Taking council in Virginia

There has been a trend in recent years to use diocesan conventions in the Episcopal Church more as opportunities for training and community building than for considering legislation. The thinking goes that our time together is better spent in learning the skills and cultivating the relationships that will help us to revitalize the church than in debating resolutions that may have little effect on anyone not present to hear the debate.


I sympathize with this way of thinking and helped plan some conventions in the Diocese of Washington that were light on resolutions and long on keynote addresses, workshops and reports on parish level ministry initiatives. I have spoken at conventions organized on this principle and been grateful for the invitation. My tolerance for posturing and point scoring is almost certainly below the churchwide mean.

That said, I admire dioceses in which people have serious public conversations about the issues confronting the church, and in which decisions about the direction of the diocese (and the things that are on the minds of it members) are made openly by a large assembly of clergy and elected lay leaders.

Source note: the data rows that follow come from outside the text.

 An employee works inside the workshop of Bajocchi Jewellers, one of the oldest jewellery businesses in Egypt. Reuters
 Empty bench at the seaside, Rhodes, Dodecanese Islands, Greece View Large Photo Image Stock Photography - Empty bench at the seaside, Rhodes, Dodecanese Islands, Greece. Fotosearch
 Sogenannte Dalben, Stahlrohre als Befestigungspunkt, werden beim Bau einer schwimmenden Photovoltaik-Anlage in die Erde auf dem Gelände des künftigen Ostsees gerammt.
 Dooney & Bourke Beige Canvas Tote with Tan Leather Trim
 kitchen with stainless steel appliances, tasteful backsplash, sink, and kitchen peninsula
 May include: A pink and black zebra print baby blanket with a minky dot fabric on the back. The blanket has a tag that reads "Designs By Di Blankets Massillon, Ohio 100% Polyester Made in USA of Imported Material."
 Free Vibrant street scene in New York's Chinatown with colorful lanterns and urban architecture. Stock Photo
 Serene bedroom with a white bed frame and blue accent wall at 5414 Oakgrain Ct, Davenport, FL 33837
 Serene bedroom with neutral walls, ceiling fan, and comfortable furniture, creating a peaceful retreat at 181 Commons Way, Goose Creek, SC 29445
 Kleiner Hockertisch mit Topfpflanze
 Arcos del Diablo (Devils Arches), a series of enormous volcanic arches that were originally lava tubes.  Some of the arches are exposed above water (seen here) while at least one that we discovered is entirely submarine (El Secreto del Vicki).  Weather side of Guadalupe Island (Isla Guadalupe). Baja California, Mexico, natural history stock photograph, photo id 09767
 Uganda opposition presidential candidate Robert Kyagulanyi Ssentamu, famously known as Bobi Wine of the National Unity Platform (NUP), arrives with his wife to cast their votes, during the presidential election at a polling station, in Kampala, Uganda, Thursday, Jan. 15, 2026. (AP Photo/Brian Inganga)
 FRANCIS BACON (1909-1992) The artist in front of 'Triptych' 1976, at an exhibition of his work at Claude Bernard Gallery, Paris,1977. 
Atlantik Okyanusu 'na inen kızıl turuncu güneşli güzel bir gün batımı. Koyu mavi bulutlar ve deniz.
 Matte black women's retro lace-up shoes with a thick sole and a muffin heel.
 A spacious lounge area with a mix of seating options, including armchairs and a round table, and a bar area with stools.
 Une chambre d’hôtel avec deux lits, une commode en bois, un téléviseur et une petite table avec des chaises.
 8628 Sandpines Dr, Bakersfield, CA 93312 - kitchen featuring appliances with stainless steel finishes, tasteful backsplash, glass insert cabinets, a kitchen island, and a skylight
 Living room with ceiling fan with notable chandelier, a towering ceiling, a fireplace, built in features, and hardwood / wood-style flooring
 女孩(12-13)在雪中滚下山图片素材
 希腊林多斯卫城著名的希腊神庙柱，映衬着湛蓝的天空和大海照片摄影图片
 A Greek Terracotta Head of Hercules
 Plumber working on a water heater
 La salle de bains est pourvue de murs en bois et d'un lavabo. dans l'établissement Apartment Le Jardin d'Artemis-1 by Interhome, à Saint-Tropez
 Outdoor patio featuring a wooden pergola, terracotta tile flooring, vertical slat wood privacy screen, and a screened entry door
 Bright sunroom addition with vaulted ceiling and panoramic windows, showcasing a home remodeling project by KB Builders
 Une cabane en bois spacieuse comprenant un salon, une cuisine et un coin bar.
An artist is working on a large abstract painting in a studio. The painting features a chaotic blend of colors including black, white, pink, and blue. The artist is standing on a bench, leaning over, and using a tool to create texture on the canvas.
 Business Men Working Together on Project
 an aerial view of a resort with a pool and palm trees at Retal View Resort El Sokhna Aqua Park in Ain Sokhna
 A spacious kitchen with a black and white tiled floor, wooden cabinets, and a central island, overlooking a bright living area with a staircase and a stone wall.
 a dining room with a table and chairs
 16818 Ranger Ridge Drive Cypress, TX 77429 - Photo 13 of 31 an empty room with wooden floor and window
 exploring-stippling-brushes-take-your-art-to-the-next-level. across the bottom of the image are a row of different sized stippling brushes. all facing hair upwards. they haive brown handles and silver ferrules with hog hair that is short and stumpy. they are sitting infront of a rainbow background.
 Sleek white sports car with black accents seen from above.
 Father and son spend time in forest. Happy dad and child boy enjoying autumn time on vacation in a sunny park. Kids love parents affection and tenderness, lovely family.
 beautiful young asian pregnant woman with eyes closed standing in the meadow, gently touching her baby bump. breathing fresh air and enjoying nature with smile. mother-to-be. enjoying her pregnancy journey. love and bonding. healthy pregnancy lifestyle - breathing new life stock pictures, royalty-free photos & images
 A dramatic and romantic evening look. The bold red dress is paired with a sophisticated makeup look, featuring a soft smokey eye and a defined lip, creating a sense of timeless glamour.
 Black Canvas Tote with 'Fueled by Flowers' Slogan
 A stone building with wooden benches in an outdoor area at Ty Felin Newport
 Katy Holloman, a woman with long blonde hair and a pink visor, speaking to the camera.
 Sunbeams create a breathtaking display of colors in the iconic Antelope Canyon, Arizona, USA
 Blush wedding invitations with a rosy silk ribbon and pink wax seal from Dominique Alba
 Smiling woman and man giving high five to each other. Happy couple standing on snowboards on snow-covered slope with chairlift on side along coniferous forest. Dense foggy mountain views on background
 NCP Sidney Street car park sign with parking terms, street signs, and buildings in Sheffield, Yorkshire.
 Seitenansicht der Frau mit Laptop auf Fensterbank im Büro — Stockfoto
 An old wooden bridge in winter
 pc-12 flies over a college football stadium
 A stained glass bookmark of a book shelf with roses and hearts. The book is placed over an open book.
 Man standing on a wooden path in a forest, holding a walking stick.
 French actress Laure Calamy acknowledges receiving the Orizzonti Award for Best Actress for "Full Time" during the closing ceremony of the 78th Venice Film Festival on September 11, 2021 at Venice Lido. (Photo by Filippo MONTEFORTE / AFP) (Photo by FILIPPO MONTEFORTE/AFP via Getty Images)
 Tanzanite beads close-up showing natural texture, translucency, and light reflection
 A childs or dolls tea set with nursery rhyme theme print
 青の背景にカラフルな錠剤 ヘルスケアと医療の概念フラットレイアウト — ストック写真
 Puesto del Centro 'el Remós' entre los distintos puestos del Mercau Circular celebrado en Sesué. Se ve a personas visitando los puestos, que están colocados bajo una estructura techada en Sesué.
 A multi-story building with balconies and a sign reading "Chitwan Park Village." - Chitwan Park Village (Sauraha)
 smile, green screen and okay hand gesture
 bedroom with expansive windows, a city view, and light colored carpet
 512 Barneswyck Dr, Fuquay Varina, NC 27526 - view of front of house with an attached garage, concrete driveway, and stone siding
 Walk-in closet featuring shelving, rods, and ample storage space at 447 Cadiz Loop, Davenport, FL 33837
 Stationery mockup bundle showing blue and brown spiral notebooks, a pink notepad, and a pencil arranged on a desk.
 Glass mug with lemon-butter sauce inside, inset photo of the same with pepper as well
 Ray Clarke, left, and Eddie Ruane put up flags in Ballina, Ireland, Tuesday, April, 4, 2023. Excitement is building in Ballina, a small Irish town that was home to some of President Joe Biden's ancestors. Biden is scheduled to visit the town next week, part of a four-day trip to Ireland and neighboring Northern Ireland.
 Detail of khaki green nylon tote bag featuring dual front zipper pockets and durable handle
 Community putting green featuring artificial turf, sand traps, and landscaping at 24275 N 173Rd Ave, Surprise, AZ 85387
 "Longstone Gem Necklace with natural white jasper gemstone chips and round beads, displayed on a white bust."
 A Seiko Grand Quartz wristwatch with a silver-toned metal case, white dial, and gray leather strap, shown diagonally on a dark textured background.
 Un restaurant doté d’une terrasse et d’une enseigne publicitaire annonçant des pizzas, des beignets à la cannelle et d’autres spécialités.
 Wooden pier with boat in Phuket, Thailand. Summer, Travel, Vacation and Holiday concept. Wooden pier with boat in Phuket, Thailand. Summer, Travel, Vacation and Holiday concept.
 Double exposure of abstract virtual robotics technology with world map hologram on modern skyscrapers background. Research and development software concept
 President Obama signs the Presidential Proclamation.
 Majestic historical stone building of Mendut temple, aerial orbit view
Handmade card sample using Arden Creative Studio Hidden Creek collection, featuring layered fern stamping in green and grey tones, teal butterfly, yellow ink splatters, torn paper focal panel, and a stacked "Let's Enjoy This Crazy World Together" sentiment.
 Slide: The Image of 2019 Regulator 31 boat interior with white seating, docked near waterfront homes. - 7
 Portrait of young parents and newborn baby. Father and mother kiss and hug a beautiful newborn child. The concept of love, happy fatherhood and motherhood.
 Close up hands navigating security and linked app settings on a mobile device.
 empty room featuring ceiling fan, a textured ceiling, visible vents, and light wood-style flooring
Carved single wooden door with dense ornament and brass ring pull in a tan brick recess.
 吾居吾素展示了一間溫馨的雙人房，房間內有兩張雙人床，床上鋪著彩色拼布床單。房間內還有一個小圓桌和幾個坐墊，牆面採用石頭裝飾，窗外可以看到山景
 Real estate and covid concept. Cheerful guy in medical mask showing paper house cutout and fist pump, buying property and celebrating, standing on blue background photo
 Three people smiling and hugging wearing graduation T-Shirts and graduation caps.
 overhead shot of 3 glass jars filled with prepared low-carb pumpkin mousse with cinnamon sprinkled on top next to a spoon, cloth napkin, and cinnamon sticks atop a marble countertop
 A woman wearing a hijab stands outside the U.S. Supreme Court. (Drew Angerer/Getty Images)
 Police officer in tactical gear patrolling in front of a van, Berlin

It has become fashionable in some circles to deride people who take church politics seriously, and to speak as though a commitment to our ways of making decisions together are outdated and quaint. In response, I’d like to offer the example of the Diocese of Virginia, whose Annual Council is currently in session. Its agenda includes the following resolutions (texts here).

R1: Add Charles Gillette to Holy Women, Holy Men

R2: Appoint a Task Force to Address the Name of Annual Council

R3: Toward a Just and Reasonable Reform of Immigration System

R4: Prayerfully Consider the Merits of “Green Church” Initatives

R5: Virginia Legislation to Assist Immigrants

R6: Sponsoring and Supporting Scouting Units

R7: Task Force for South Sudan

R8: Strategic Re-visioning and Repositioning Process for the Diocese of Virginia

R9: Investments and Purchasing Electronics

It will no doubt take considerable time to debate nine resolutions. In another system, the leaders of the organization might have come before the assembly with strong recommendations on each of these issues and simply asked for approval. This, no doubt, would be more efficient. But here is what I take from Virginia’s way of doing business: that it is a diocese in which lay people are heard from, rather than just spoken to; that the accumulated wisdom of those lay people is respected by the clergy and lay professionals who work in the diocese, and that the members of the council care enough about each other to hear one another out.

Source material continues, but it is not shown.